Comparison of Term Weighting Method To Classify Hypertension Documents

Nur Nabilah Atikah Muhammad Rasib (1), Rohayanti Hassan (2), Rd Rohmat Saedudin (3)
(1)
(2)
(3)
Fulltext View | Download
How to cite (IJASEIT) :
Citation Format :

Currently, text mining is broadly used in this research to facilitate the burden of certain parties or individual. There are several techniques used in text mining which is feature extracting, term weighting and also feature selection. However, this research will focus on term weighting methods in text mining which is C-value and term frequency. Basically, numbers of document will be collected and pre-processing as an initial process will be done before the text can be mined. After that, the term that had been extracted will be weighted using two method of term weighting stated earlier.

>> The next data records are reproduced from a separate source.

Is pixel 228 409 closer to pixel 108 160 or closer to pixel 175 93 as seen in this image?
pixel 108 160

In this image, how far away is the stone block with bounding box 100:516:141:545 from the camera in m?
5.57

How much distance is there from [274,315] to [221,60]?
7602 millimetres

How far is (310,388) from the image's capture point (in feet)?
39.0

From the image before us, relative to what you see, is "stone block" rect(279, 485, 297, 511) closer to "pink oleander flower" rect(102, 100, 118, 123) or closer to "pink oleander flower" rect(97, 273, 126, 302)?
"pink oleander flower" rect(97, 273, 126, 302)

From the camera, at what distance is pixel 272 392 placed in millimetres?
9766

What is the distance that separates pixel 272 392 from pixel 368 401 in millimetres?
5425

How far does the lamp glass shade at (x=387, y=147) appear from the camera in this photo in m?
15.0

Then, it need to undergo classification phase to analyze and evaluate the performance between C-value and term frequency method. In this research, the biomedical field have been chosen and were discussed on the various matters of current issues especially hypertension disease. Hypertension is known as a leading risk factor for the development to other riskier disease including coronary artery and stroke. There are many documents that focus on biomedical but not all of the information and knowledge are related to the topic discussed and also in unstructured documents. Thus, the documents need to be extracted using an appropriate tools and technique. The purposed of this research is to compare the method of term weighting in text mining and classify the factors of hypertension disease. The result of this study can determine which method is most suitable and effective to yielding documents vectors in the construction of SVM classifier. Practically, this study is important because it can help biologist and computational biologist to understand large amount of text and making it easy and fast in facilitate the information and knowledge in biomedical.